Practices should continue to apply safe, clinically appropriate prescribing decisions, and should not assume that a Green status means acceptance of unfunded additional work.
ICB clinical leadership
We have written collectively to NEL ICB to express serious concern about the rapid reduction of GP clinical leadership following the ICB restructure, and the potential consequences for patient safety, quality, and workforce sustainability. While recognising the financial pressures and the requirement to reduce running costs, we have emphasised that embedded GP clinical leadership is essential for whole-pathway oversight, early identification of unintended consequences, and credible clinical challenge—particularly as more care is expected to shift into the community. We have asked the ICB to pause further dismantling of GP clinical lead capacity until transparent, clinically led impact assessments are completed, and to engage meaningfully with frontline clinicians and their representatives to co-design a future model that is both financially responsible and clinically safe.
NEL dementia pathway and referral form
We have reviewed the new NEL dementia pathway and referral form.
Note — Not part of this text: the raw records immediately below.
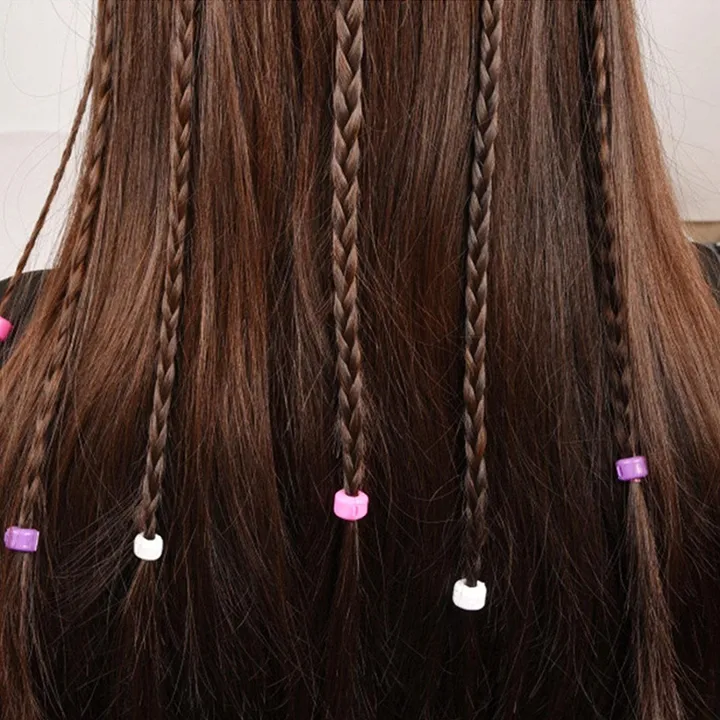 Girls%20Electric%20Automatic%20Hair%20Braider%20Tool,%20Rotation%20Electric%20Children%20Braiding%20Machine%20DIY%20Magic%20Hairdressing%20Kits%20Braiding%20Hairstyle%20Tool%20Girl%20Toy%20Hair%20Accessories%20Set%20-%20Image%203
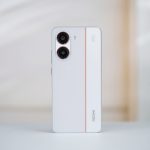 处理器和价格都相同 红米Turbo 4 Pro和iQOO Z10 Turbo Pro怎么选？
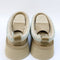 Womens UGG Tazz Il Slippers Sand UK Size 4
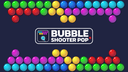 Bubble Shooter POP icon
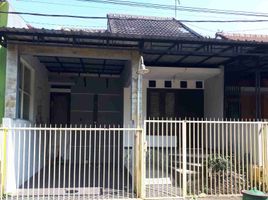 3 Bedroom Villa for sale in Pakis, Malang Regency, Pakis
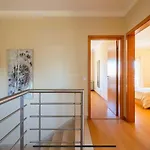 New! Balaia I-9 *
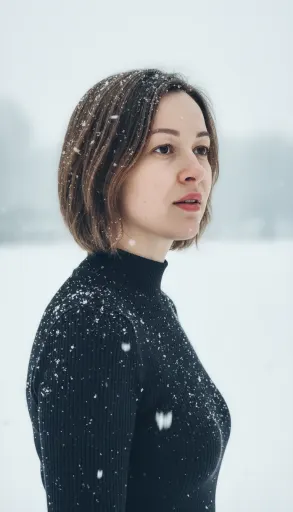 AI-фотосессия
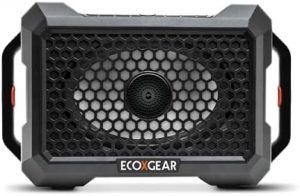 EcoXgear Defender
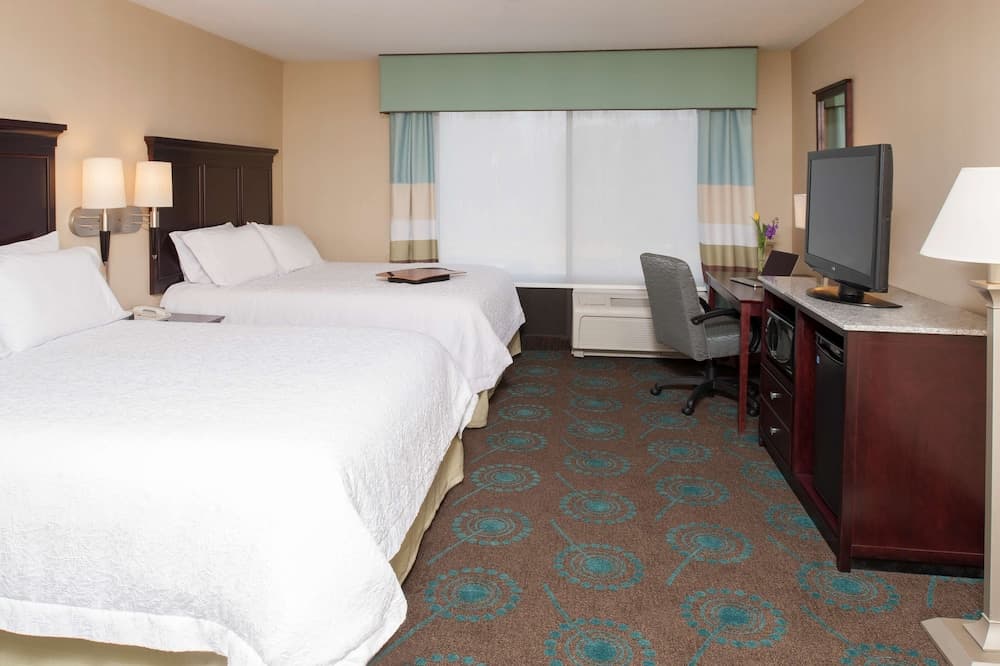 Larkspur Landing South Bend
Overall feedback is that both are reasonable and the form layout is improved, but they must be treated as guidance, not a rulebook. GPs are concerned about referrals being rejected for missing cognitive scores (e.g. 6CIT/GPCOG), especially where testing isn’t feasible due to language barriers or vulnerability; the pathway should allow this to be recorded and give appropriate weight to collateral history and clinician concern. We have also emphasised that use of the form must be voluntary and not a basis for rejecting referrals, with clearer signposting to local dementia services and improved secondary care messaging to avoid inappropriate referrals after acute confusion/delirium.
Oliver McGowan Training
There are now more dates available for individuals to book onto the Tier 1 Part 2 Webinar sessions through this link.
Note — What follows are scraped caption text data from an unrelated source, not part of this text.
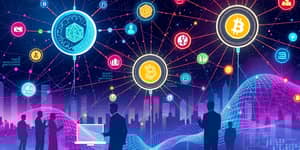 The Financial Futurist: Planning for Tomorrow's Prosperity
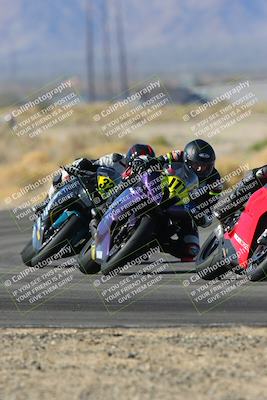 media/Jan-20-2023-Apex Assassins (Fri) [[05880b9d29]]/Trackday 1/Session 3 (Turn 4)/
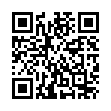 QR kód na túto stránku borska-nizina.oma.sk volny-cas park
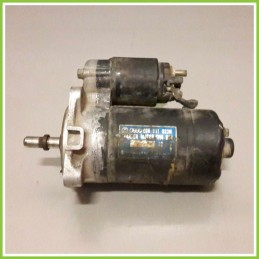 Motorino Avviamento HITACHI S114-554 SEAT IBIZA 6K 036911023N APE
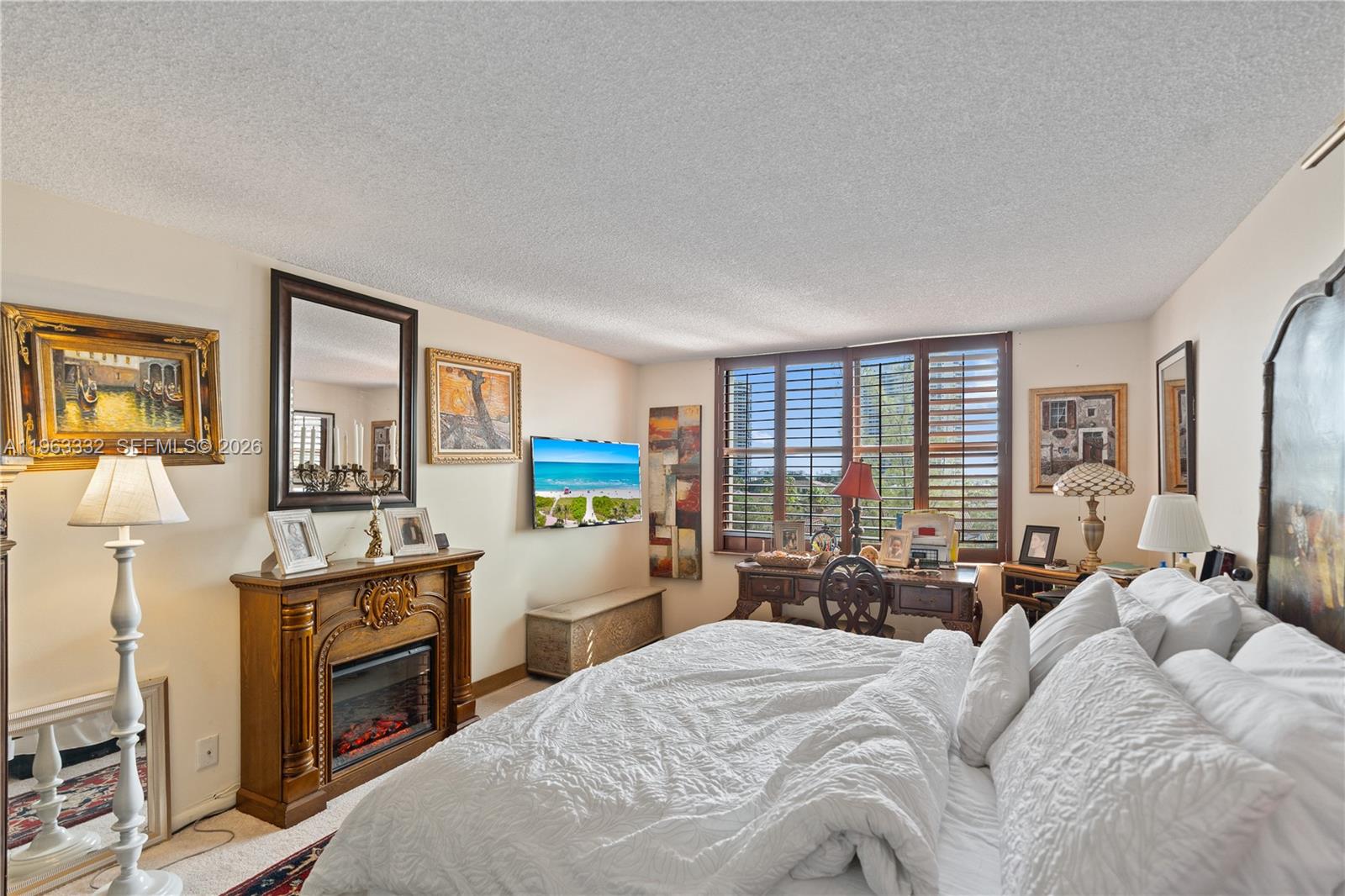 THE CLIPPER AT BISC COVE - Residential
There are currently sessions available until the end of March 2026; more will be added for future months. Please do share this with your staff that require Tier 1 part 2.
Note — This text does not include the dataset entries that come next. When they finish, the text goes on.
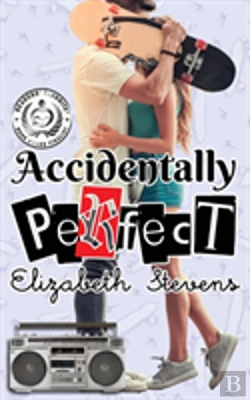 Bertrand.pt - Accidentally Perfect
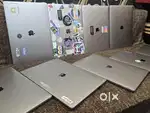 Apple Macbook Pro Manufacturing  i7/16/512/5.5gb GFXl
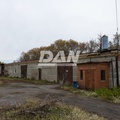 Копейск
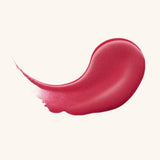 Catrice Lippenbalsam Melt & Shine, 1,3 g - Variety of Shades Available - VivaVoss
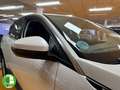 Peugeot 3008 Active BlueHDi 130 S&S Blanco - thumbnail 14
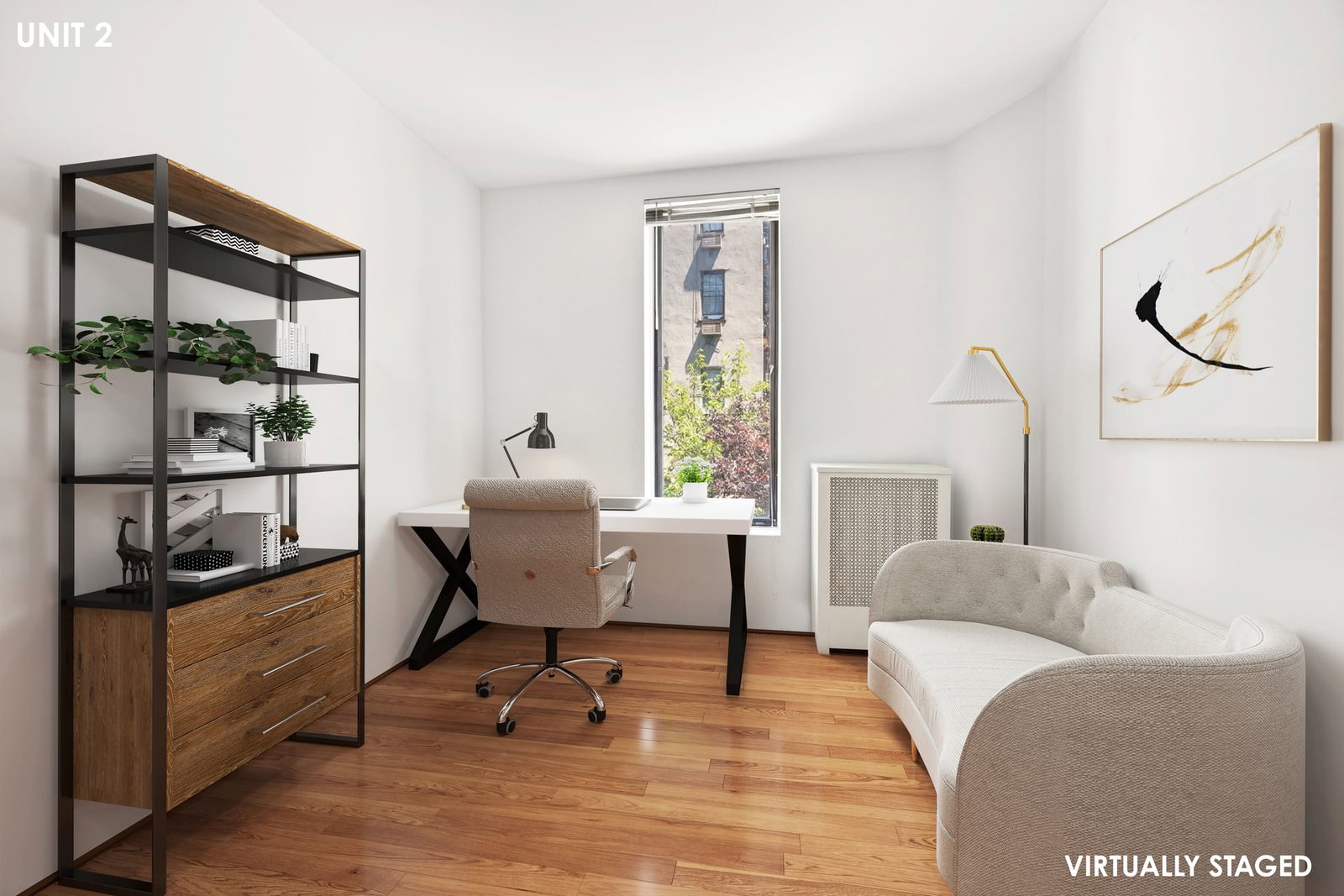 Real estate property located at 43 84TH, New York, Upper West Side, New York City, NY, US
Further Tier 2 sessions will be available for April onwards; the ICB expects to have approximately 300 further sessions in the next financial year so hopefully this will give plenty of opportunity for everyone to book on.
Follow the page at this link and you will get notifications when new sessions are published.
London General Practice Awards 2026

James Asser MP and Dr Tamara Hibbert
On Thursday 5 February Londonwide LMCs held the annual London General Practice awards event in Parliament. Among the winners were Springfield Park PCN from Hackney who won the nursing team award and Dr Tamara Hibbert, Chair of Newham LMC who won the LMC member award for NEL.
The nomination for Springfield Park PCN said: “This project reflects the tireless dedication of a multidisciplinary team who responded rapidly to a local MMR outbreak with daily and Sunday clinics and home visits. This co-designed project significantly improved the MMR coverage from 17% in May 2025 to 48% in August 2025, delivering 2,584 vaccines in three months, demonstrating its replicability and impact on health equity.”
The nomination for Dr Hibbert described here as: “… a long-standing and active voice for GPs in Newham, speaking up about the challenges they face. A very effective communicator who is always willing to step into new situations. She explains complex issues in a clear, friendly way and deals with challenging topics calmly and with an excellent command of details and examples.”
The event was held in Parliament and provided an opportunity to engage with MPs as well as recognise local successes, pictured is James Asser, MP for West Ham and Beckton with Dr Hibbert.
Londonwide LMCs Buying Group member MIAB, providers of specialist GP insurance for over 20 years, kindly sponsored the awards.